ECLI:NL:GHLEE:2006:AY6281
Gerechtshof Leeuwarden
- Eerste aanleg - meervoudig
- J. Huiskes
- G.M. van der Meer
- H. Bakker
- Rechtspraak.nl
Ontvankelijkheid bezwaar inkomstenbelasting en belastbaar inkomen uit sparen en beleggen
In deze zaak, behandeld door het Gerechtshof Leeuwarden op 11 augustus 2006, staat de ontvankelijkheid van het bezwaar van belanghebbende tegen een aanslag in de inkomstenbelasting centraal. De belanghebbende, X, had bezwaar gemaakt tegen een aanslag die door de inspecteur van de Belastingdienst was opgelegd voor het jaar 2001, waarbij het verzamelinkomen aanvankelijk was vastgesteld op ƒ 49.453,-. Na bezwaar werd de aanslag verminderd naar ƒ 48.426,-, maar het bezwaar zelf werd door de inspecteur niet-ontvankelijk verklaard. De rechtbank Leeuwarden had het beroep van belanghebbende ongegrond verklaard, waarna belanghebbende in hoger beroep ging.
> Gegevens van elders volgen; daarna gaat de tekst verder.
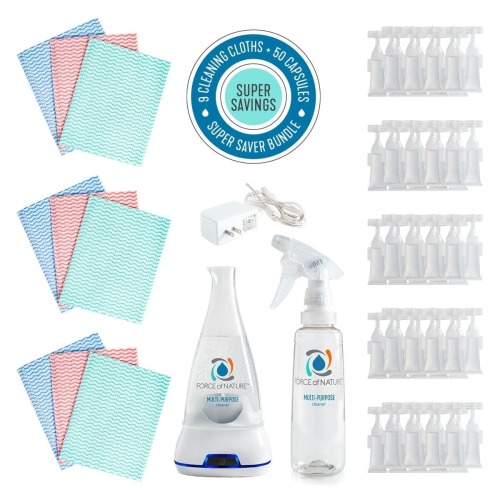 Force of Nature Cleaning Bundle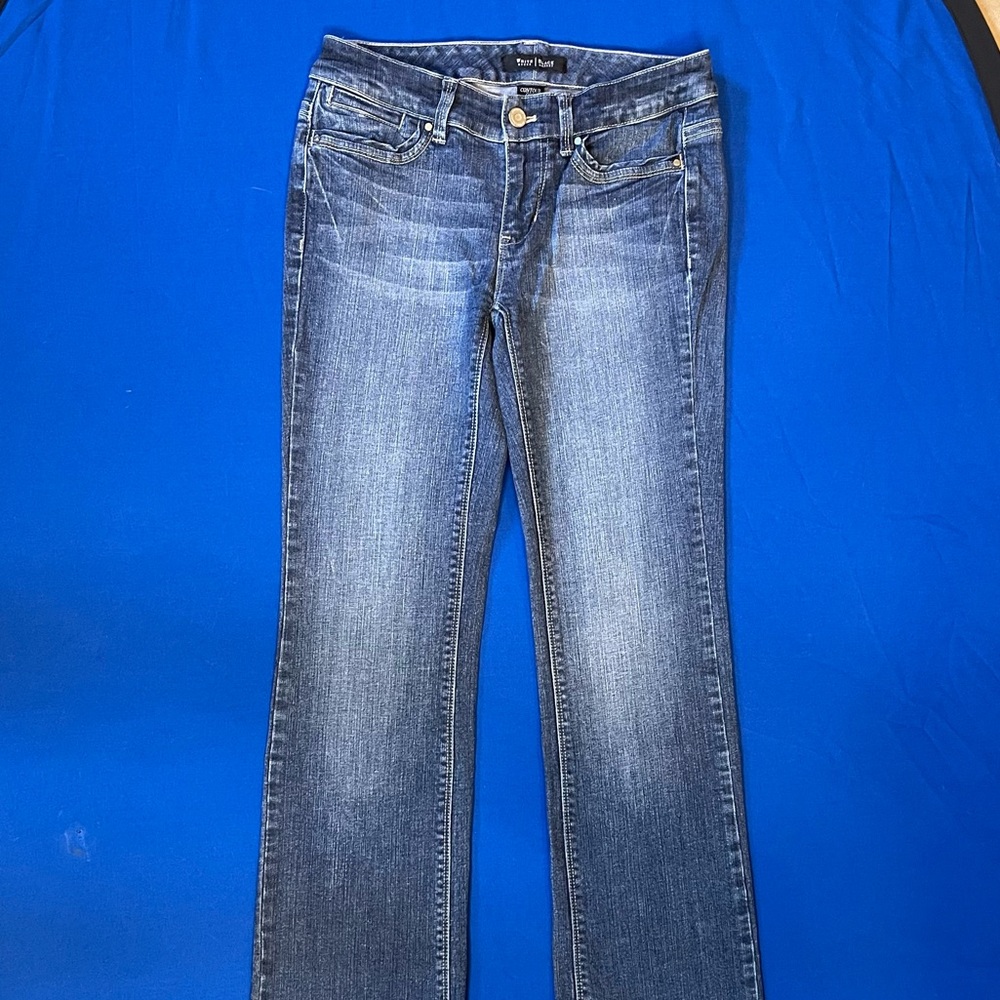 WH|BM - White House Black Market - Contour Jeans - Size- 00 - Boot Cut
Tijdens de zitting op 16 juni 2006 werd door de gemachtigde van belanghebbende aangevoerd dat de ernstige ziekte van haar echtgenoot de reden was voor de late indiening van het bezwaar. De inspecteur betwistte deze claim en stelde dat het hoger beroep ongegrond verklaard moest worden. Het hof oordeelde dat de door belanghebbende aangevoerde omstandigheden niet als een geldige reden voor de late indiening konden worden aangemerkt volgens artikel 6:11 van de Algemene wet bestuursrecht.
Het hof bevestigde de uitspraak van de rechtbank en oordeelde dat het bezwaar van belanghebbende niet ontvankelijk was. Tevens werd het belastbare inkomen uit sparen en beleggen voor het jaar 2001 ter zitting besproken, maar het hof oordeelde dat de inspecteur dit ambtshalve zou beoordelen indien het hoger beroep ongegrond werd verklaard. De proceskosten werden niet toegewezen, en beide partijen kregen de mogelijkheid om binnen zes weken na de verzenddatum beroep in cassatie in te stellen bij de Hoge Raad der Nederlanden.